November oil demand was slightly less than the 33.89 million metric tons (8.01 million b/d) seen in October.
"China has pulled out all the stops this year to be sure that its economy has performed well throughout the global financial crisis. That has had a dramatic impact on oil demand in the country," said Dave Ernsberger, Platts senior editorial director for Asia. "Lifting demand for oil by double-digits month after month was not Beijing's goal when it injected half a trillion dollars into its economy this year, but it was one of the most significant consequences."
The Chinese government's Yuan 4 trillion ($586 billion) stimulus program to boost domestic spending and consumption has resulted in greater use of oil products from naphtha to jet fuel, prompting the International Energy Agency (IEA) to raise its forecast for China's oil demand by about 80,000 b/d on average for both this year and 2010, the agency said in its December monthly report released earlier this month.

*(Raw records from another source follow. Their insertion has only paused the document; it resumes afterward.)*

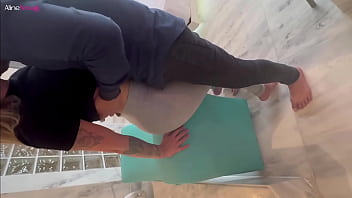 Loira Safada Deu Um Rol_ No Shopping, Foi Mimada Com Presentinho E Retribuiu Com A Bucetinha Bem Gostosa Pro Assinante Sortudo - Parte 1 - Aline Novak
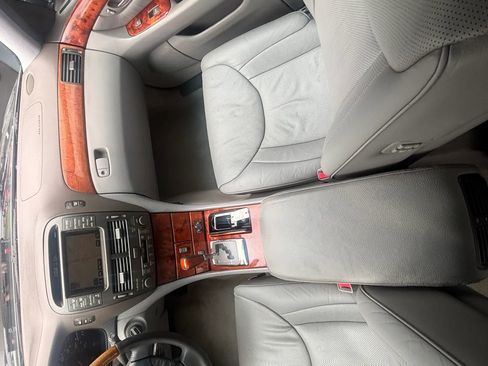 Used 2004 Lexus LS 430 RWD image 26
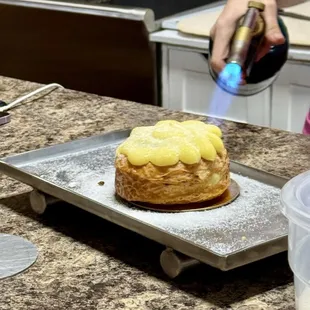 Crème Brûlée Croissant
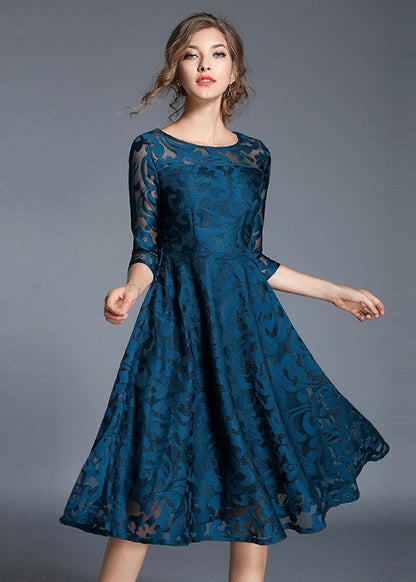 Classic Vintage Dress with a Flattering Fit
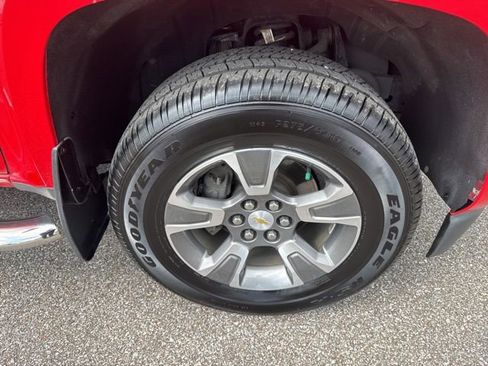 Used 2018 Chevrolet Colorado Z71 image 15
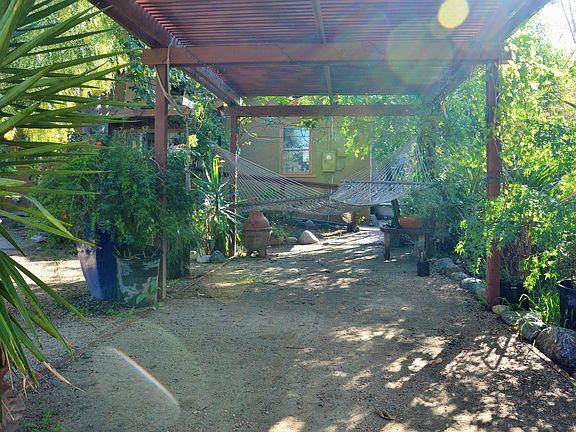 2nd image of 10214 Oleander Ave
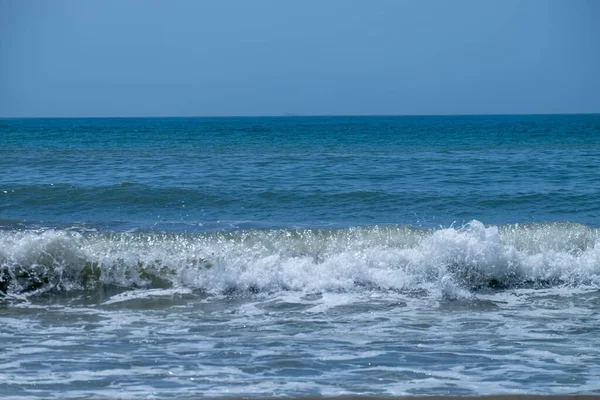 海浪冲刷在沙滩上 海浪冲向海岸 夏天的一天自然会飞溅 海浪在海滩上冲撞 暑假的概念 — 图库照片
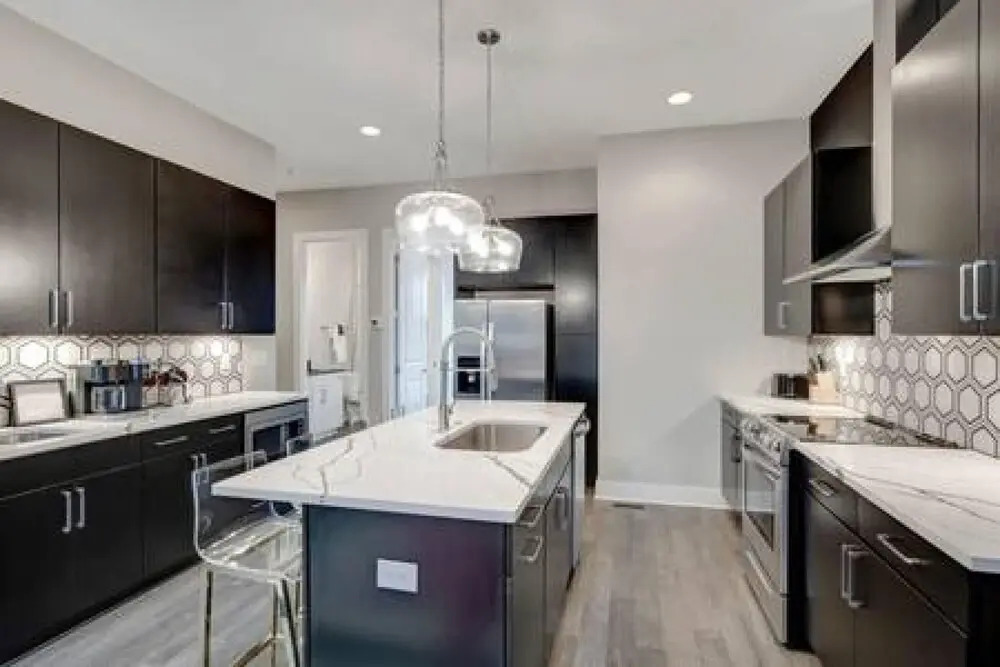 NEW Double Lux 26beds 2 Rooftop Views Free Parking, Nashville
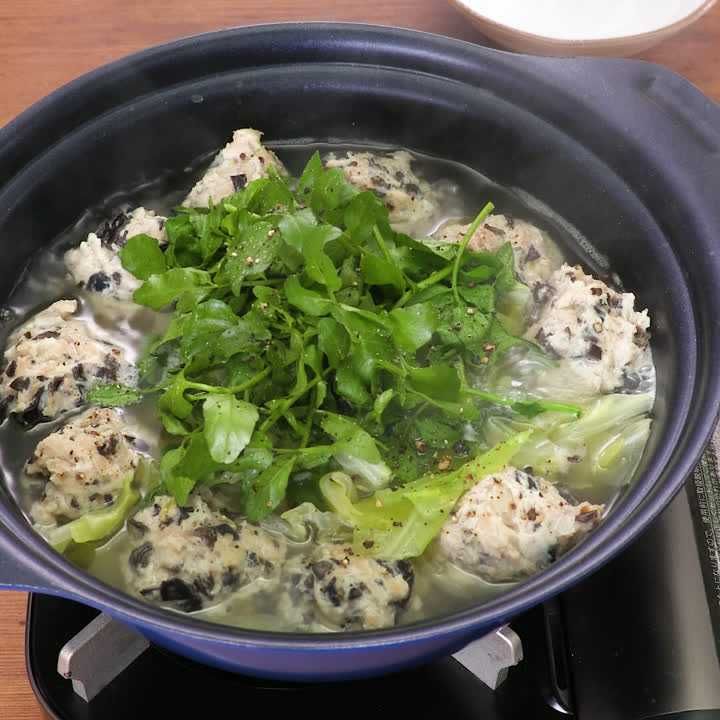 クレソンと鶏団子の塩鍋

Meanwhile, China seemed to be tapping into its inventory to feed the strong crude throughput appetite in November as the government reported a drop in both crude imports and production versus October.
Chinese customs tallied 17.12 million mt (4.06 million b/d) of crude imports last month, down 11.4% from 19.33 million mt in October. Crude production also slipped 3.6% during the comparison period to 15.67 million mt (3.7 million b/d).
The amount of oil products imports last month, at 2.62 million mt, was at its lowest since November 2008, suggesting that the country was looking less to overseas markets to meet domestic oil products requirement.